Henry V (Barbican Centre)

Alex Hassell returns as the newly crowned Henry V in the final part of the tetralogy

Joshua Richards (Fluellen), Jim Hooper (Epringham), Alex Hassell (Henry V) and Dale Mathurin (Bates)
Joshua Richards (Fluellen), Jim Hooper (Epringham), Alex Hassell (Henry V) and Dale Mathurin (Bates)
© Keith Pattison

The opening of the RSC's new Henry V on Remembrance Day gave a special piquancy to the moment when the numbers of the dead are totted up after the battle of Agincourt. Alex Hassell's victorious, begrimed and bloody monarch salutes the French nobles in their "royal fellowship of death" and the company launches into a powerful and moving chorale, "Non nobis domine."

And this is preceded by a hushed sense of disbelief at how few English have fallen, a miracle of some patriotic embarrassment in this six hundredth anniversary year of the battle. But the French come out of Gregory Doran's production, first seen at Stratford-upon-Avon just two months ago, quite well; the King and Queen of France (Simon Thorpe and the huskily intoned Jane Lapotaire) are a dignified couple and Robert Gilbert's Dauphin a less laughable nincompoop than usual, though his equine mania is played up with sexual crudity as he perches on a mini-warhorse.

As at Stratford, though, I find Hassell's hunky Henry, like his Prince Hal, a mixed blessing.
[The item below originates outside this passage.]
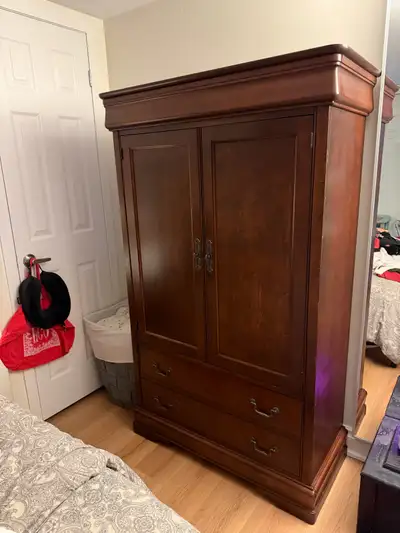 Dark wood Armoire / Cabinet, View more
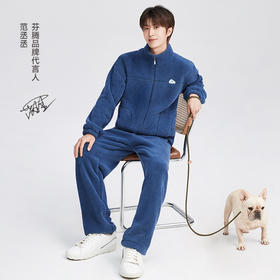 【范丞丞同款】芬腾秋冬情侣睡衣女蓬蓬绒加厚男珊瑚绒家居服套装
He's good in repose, and the wooing of Jennifer Kirby's delightful Princess Katherine in the fail-safe scene at the end is cute and touching. But his lack of vocal richness and variety ("Once more unto the breach, dear friends" is more of a squeak than a trumpet), and his stumpy, stiff movement and gesture gives him a puppet-like absurdity.
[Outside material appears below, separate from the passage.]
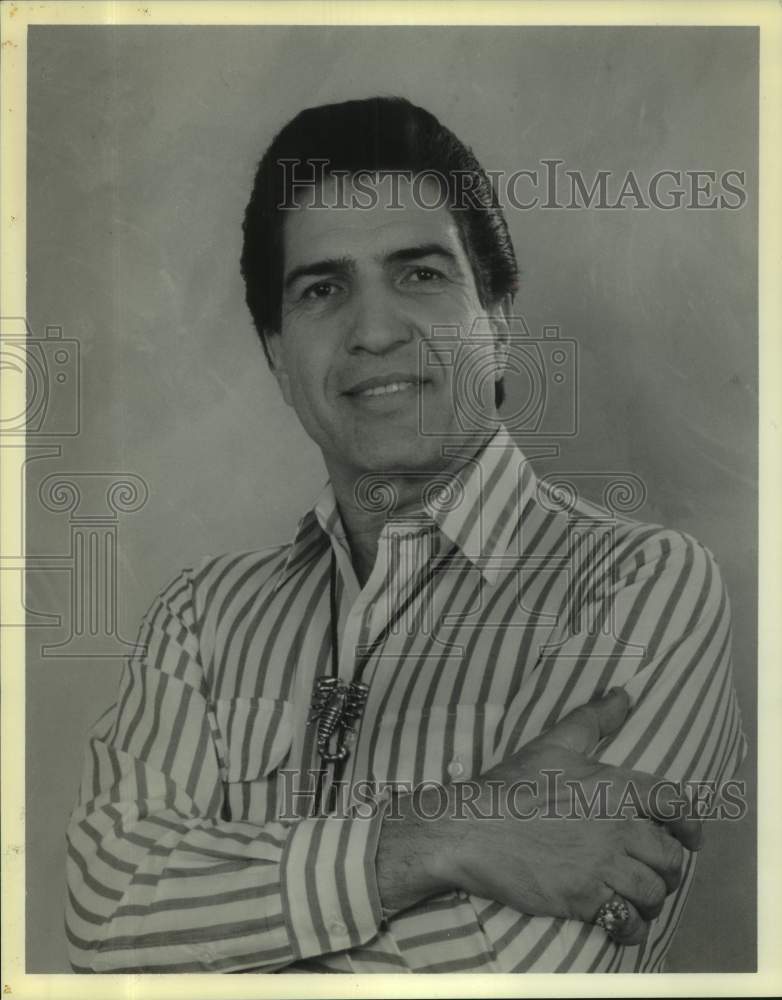 Press Photo Singer Rudy Tee - Historic Images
The tone of his performance, which is primarily peevish, is set when he rushes on from the wings to snatch his own crown from Oliver Ford Davies's schoolmasterly Chorus. He's not so much a hero as a spoilt brat, and although this squares with his own square jaw, it doesn't fit the callous opportunist who finds an excuse for war-mongering in the "dodgy dossier" of the Salic law expounded by the clergy.
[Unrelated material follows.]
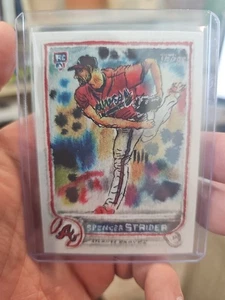 2024 Topps Spotlight by Andy Friedman - Spencer Strider #49 - Picture 1 of 2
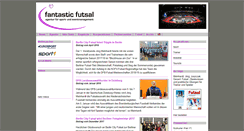 Desktop Screenshot of fantasticfutsal.com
Mind you, this play always surprises in its shifts of tone and emphasis: the great death of Falstaff speech by Sarah Parks's blowsy Mistress Quickly before the embarkation at Southampton; the condemnation of the traitorous lords; the "touch of Harry in the night" as he moves among his men and defines, impressively, their duty to the king, their souls their own. But what if the cause of battle is unjust?

Everything that's good about the production is in spite of the RSC mustiness that hangs about. There is also the ingenuity of Stephen Brimson Lewis's projected cathedral vaulted interior, as well as the loudest explosion (this is not a spoiler, it's a warning) I've ever heard at the siege of Harfleur, and the terrific music by Paul Englishby from onstage brass and offstage woodwind.

But some of the small part acting is abominable, though I excuse the vivid Pistol of Anthony Byrne and the superb double of Bardolph and Fluellen by Josh Richards, face like a moon carved from a prize marrow, eyes of coal, voice marinated at the bottom of a port barrel. This play never ceases to improve each time you see it, and is joined in the RSC repertoire in the New Year by its preceding trilogy of Richard II (David Tennant again) and the two parts of Henry IV.

Henry V runs at the Barbican until 30 Dececmber.